A Novel for Those Who Hate to Read

by Paul Jantzen

Pub Date: Sept. 19th, 2024
ISBN: 9781685134815
Publisher: Black Rose Writing

After the summer of 1975, life will never be the same for Jimmy, a small-town boy, in this YA novel.

It’s the 1970s in Walnut Creek, in an unnamed U.S. state, long before cellphones and social media, and preteen Jimmy Hamilton daydreams about big league baseball, throws crab apples at the neighbor’s cat, and hopes his mom doesn’t order him to tear down his tree fort. On the plus side, summer and Little League are about to start.

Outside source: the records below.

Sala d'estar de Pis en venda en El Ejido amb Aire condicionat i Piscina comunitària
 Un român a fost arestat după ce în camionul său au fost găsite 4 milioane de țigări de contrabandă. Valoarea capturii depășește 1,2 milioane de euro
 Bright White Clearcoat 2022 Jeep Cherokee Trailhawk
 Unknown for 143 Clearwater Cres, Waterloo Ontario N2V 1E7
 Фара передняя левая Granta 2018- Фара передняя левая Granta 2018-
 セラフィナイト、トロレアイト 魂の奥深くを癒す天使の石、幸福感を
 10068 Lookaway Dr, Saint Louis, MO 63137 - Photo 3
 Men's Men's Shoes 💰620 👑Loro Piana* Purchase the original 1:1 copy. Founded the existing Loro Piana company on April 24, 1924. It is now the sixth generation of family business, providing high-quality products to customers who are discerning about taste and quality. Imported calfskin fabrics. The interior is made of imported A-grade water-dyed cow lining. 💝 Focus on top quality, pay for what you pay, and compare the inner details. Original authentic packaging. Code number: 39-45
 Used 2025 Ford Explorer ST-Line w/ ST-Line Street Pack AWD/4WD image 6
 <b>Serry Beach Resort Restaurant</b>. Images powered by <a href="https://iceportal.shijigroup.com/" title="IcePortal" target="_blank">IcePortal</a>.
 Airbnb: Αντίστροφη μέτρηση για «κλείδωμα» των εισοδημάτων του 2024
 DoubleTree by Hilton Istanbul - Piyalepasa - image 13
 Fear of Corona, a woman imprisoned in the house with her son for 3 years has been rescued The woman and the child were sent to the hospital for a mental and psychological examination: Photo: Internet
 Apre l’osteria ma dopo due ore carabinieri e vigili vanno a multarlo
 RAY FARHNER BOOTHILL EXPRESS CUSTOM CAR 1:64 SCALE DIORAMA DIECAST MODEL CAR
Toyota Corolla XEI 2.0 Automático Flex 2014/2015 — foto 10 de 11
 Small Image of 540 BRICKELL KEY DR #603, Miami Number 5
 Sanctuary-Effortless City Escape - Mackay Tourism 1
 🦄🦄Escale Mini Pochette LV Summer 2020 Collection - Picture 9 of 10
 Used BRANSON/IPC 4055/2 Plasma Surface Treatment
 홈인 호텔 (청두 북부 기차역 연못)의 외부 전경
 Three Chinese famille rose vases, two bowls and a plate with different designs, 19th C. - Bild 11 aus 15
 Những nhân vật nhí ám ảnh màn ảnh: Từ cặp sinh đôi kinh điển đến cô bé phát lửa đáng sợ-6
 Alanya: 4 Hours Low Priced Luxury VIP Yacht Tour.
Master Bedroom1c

If only his mother wouldn’t drag him to the library every week. (Jimmy’s dim view of libraries is a frequent reminder of the book’s subtitle: “for those who hate to read.”) When an accident occurs on his 11th birthday, Jimmy’s summer takes a disappointing turn. In this uneasy mix of small-town Americana (baseball, church, home-baked cookies, playing catch in the backyard with Dad) and coming-of-age angst (angry outbursts, verbal obscenities, a first crush, upturned friendships), Jimmy plans to prove himself on the pitcher’s mound and to keep invading girls and rowdy teens out of his new fort in the woods. The latter intention leads to the novel’s sobering conclusion, involving a shunned homeless man with baseball skills. The book shines brightest in its depictions of baseball through Jimmy’s eyes. At night, the cornfield is “silhouetted against the outfield fence….The magic of the game filled the bleachers,” and the “Bermuda grass was crisp under their spikes.” Less magical is the boys’ oblivious, laughing cruelty; for example, Jimmy disembowels a living snake and pokes a knife into the three-legged frog the snake had consumed. The boys compare the frog to “that cripple with just the one arm who sits in his wheelchair out in front of the grocery store.” Jimmy’s nascent hormonal confusion rings true, however, and there’s heart in the book’s depictions of his caring mom, a girl with empathy and “chocolate eyes,” and the epiphanic ending.

A realistic, visceral portrayal of a boy’s coming-of-age.